Marion Barry and Buddy Cianci are former mayors folks cite as examples of felonious comebacks. They were different cases than what Ganim is trying to do and his opponents are trying to block. Barry made a comeback in Washington DC following a public meltdown marinating in cocaine. Cianci made a comeback following an assault conviction. He was actually one for two in felonious returns. More than a decade ago he was convicted on corruption charge while in office. Last year, running as an independent mayoral candidate in Providence he was defeated in a competitive race for an open seat.

This schizoid whiplash election is coming to a close and it’s been a wild ride that began January 1 in the East End church of State Rep. Charlie Stallworth who also serves as pastor.

How did we get here?

Charlie Stallworth
Ganim started his comeback in the church of Charlie Stallworth at podium during  Ganim fundraiser.
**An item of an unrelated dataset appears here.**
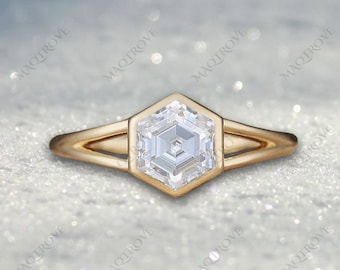 May include: A gold ring with a hexagonal shaped diamond. The diamond has a unique cut with many facets.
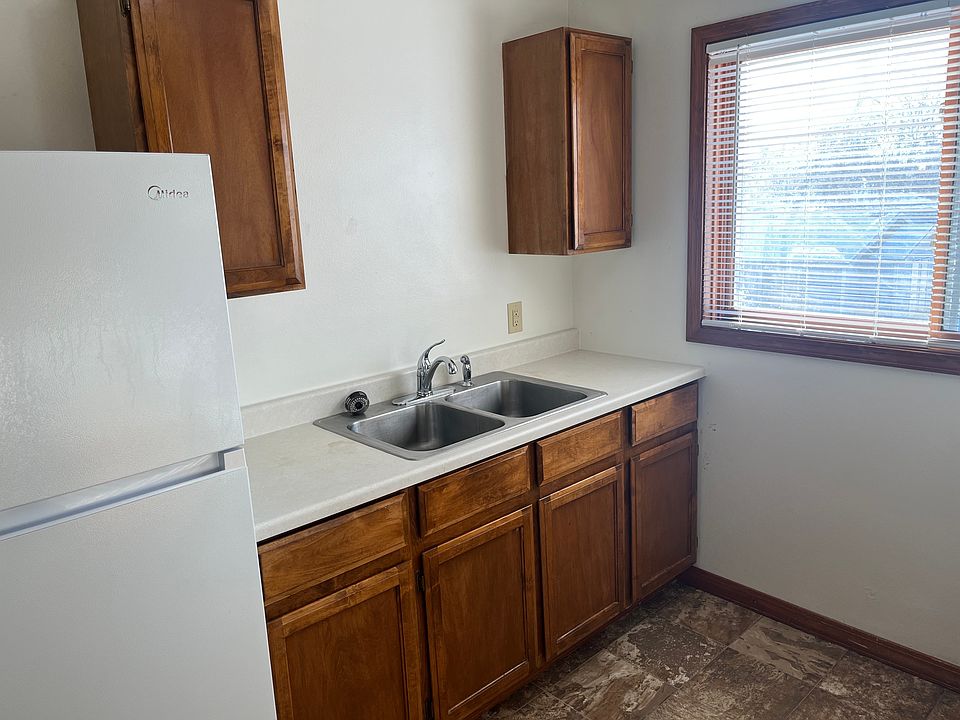 Photos are of a similar unit. Please call for a showing of the specific unit available. Spacious kitchen, plenty of storage.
Sue Katz photo.

Ganim was released from federal incarceration in 2010. He toyed with running for mayor in 2011, but the timing was not right. He had three years of supervised release, a form of probation, he was reconnecting with his children, he was trying to regain his law license and his wife was not crazy about his return to the public arena.

In the years that followed, circumstances dictated Ganim revisit running for mayor. A three-judge panel, citing lack of contrition, rejected his application to reinstate his law license. The Connecticut Supreme Court agreed. The court impact diminished his economic vitality. His marriage dissolved along the way. He had child support and alimony obligations. Consulting work dried up. Who would pay Joe an economic package worth $160K afforded the mayor of the state’s largest city? Ganim is a political warrior with redemption on his mind, but his economic standing was also a factor. He saw Finch as vulnerable. Anti-Finch politicians urged him back in the game.

As a politician Ganim is a risk-taker, but he’s also a pragmatist. If he didn’t think he could take out Finch he’d not have gotten back in the game. Ganim also recalled as mayor he had a hand in lining up at least four jobs for Finch when Finch served on the City Council. Sometimes, Finch has trouble maintaining relationships. Ganim cultivated the anti-Finch vote, blending new political friends with old relationships.

So on January 1, 2015, based on the urging of his political contacts, Ganim said something he had never before declared: in the sanctuary of church he publicly apologized about his past after 14 years of declaring he had done nothing wrong. In Bridgeport, people have screwed up, families have suffered, some have strong redemption stories; people like comebacks. Very few politicians have Ganim’s skill set for connecting one on one. He went to work. And immediately Finch did him a huge favor. The mayor and his campaign advisers pounded Ganim’s every move, in news releases, in statements, interviews and even in legislation. Instead of poo-poohing Ganim’s return and running extensively on his own record with a major redevelopment of the East Side, Finch’s public demonizing of Ganim had many voters who had suffered asking the same question: why is the mayor afraid of Joe Ganim?

Ganim, Adams, Meyer
Ed Adams, center, the retired FBI agent, provided Ganim campaign cover.

Most voters knew about Ganim’s baggage, but Finch’s strategy was to go after him full force from day one. His strategy failed. Finch even publicly declared people like Joe Ganim should not have the right to run for public office. It played right into Ganim’s hands, especially with African American voters stinging from Finch’s attempt to seize control of the Board of Education with the power to appoint its membership.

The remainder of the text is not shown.